- Theatrical release poster
- Directed by: Daniel Espinosa
- Written by: David Guggenheim
- Produced by: Scott Stuber
- Starring: Denzel Washington; Ryan Reynolds; Vera Farmiga; Brendan Gleeson; Sam Shepard; Rubén Blades; Nora Arnezeder; Robert Patrick;
- Cinematography: Oliver Wood
- Edited by: Richard Pearson
- Music by: Ramin Djawadi
- Production companies: Relativity Media; Bluegrass Films;
- Distributed by: Universal Pictures
- Release dates: February 7, 2012 (New York City); February 10, 2012 (United States);
- Running time: 115 minutes
- Countries: South Africa; United States;
- Language: English
- Budget: $85 million
- Box office: $208.1 million

= Safe House (2012 film) =

2012 American film by Daniel Espinosa

Safe House is a 2012 American action thriller film directed by Daniel Espinosa, written by David Guggenheim, and starring Denzel Washington and Ryan Reynolds. The film follows Matt Weston (Reynolds), a CIA officer on a low-level posting in Cape Town, South Africa, who is in charge of a safe house where the CIA is interrogating Tobin Frost (Washington), a veteran operative accused of betraying the agency. When the safe house is attacked by mercenaries, Weston flees with Frost in his charge. As the team of killers, who seem to be one step ahead of the pair, track them throughout Cape Town, Weston wonders whom to trust. Vera Farmiga, Brendan Gleeson, Sam Shepard, Rubén Blades, Nora Arnezeder and Robert Patrick co-star.

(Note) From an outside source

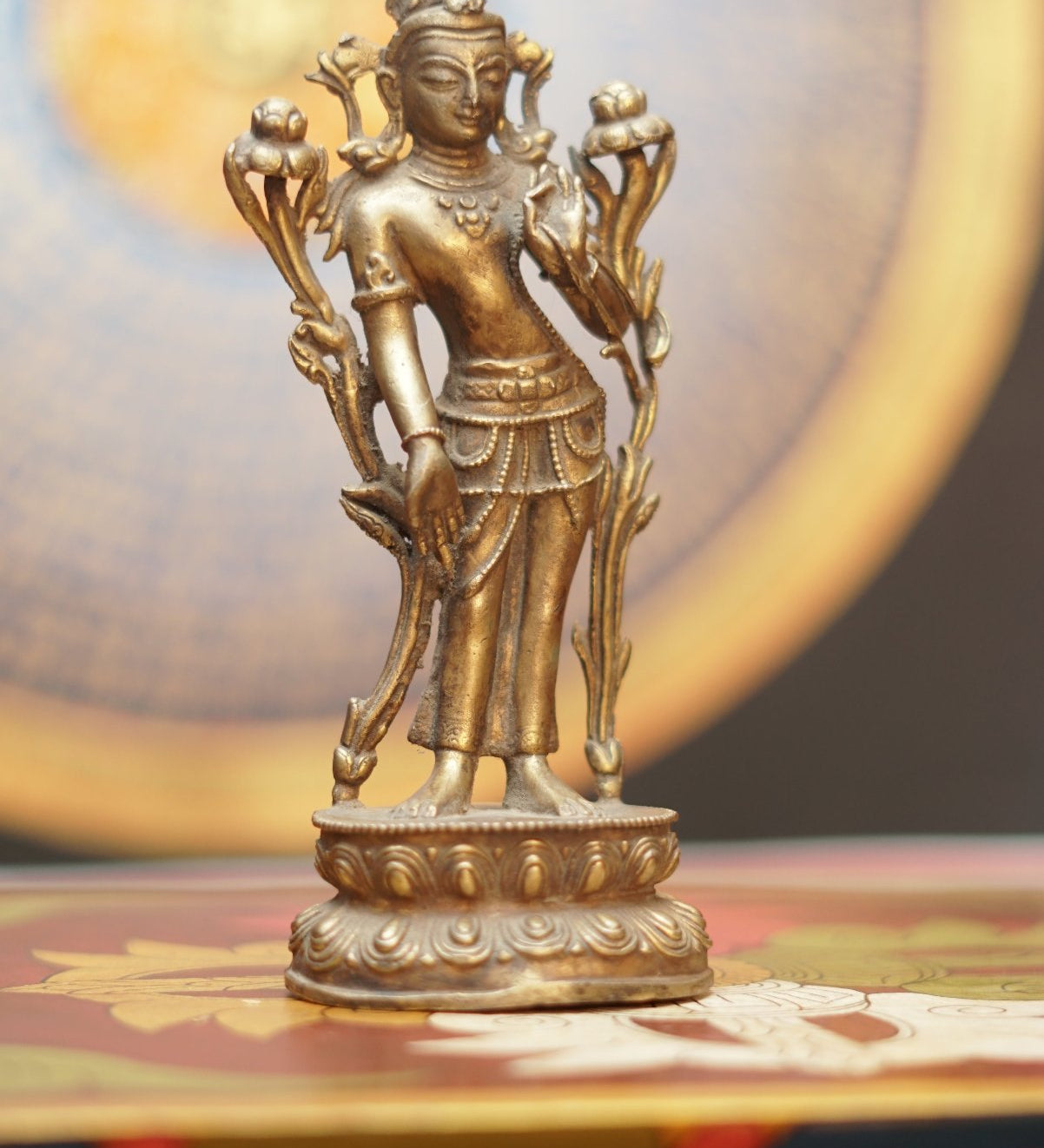 Standing Avalokeshwor Statue - Himalayas Shop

Safe House was Espinosa's first English-language film. Filming took place on location in Cape Town. The film premiered in New York City on February 7, 2012, and was released in U.S. theaters on February 10, 2012, by Universal Pictures. The film earned mixed reviews, with praise for Washington and Reynolds' performances, but negative criticisms for the screenplay and the editing of the action scenes. Nevertheless, the film was a commercial success, earning $208 million worldwide against an $85 million budget.

==Plot==

In Cape Town, South Africa, junior CIA officer Matt Weston is serving as a "housekeeper", an operative in charge of securing and maintaining a local CIA safe house in case of an operation. He calls his mentor and immediate superior David Barlow, enquiring about a station in Paris. He hopes to move there with his live-in girlfriend Ana, a young French physician about to start her residency. Barlow tells him he is likely underqualified for the position, which frustrates Matt as he has not had a "houseguest" during his year-long tenure and thus has been unable to gain field experience. Barlow promises to revisit the issue in a few months.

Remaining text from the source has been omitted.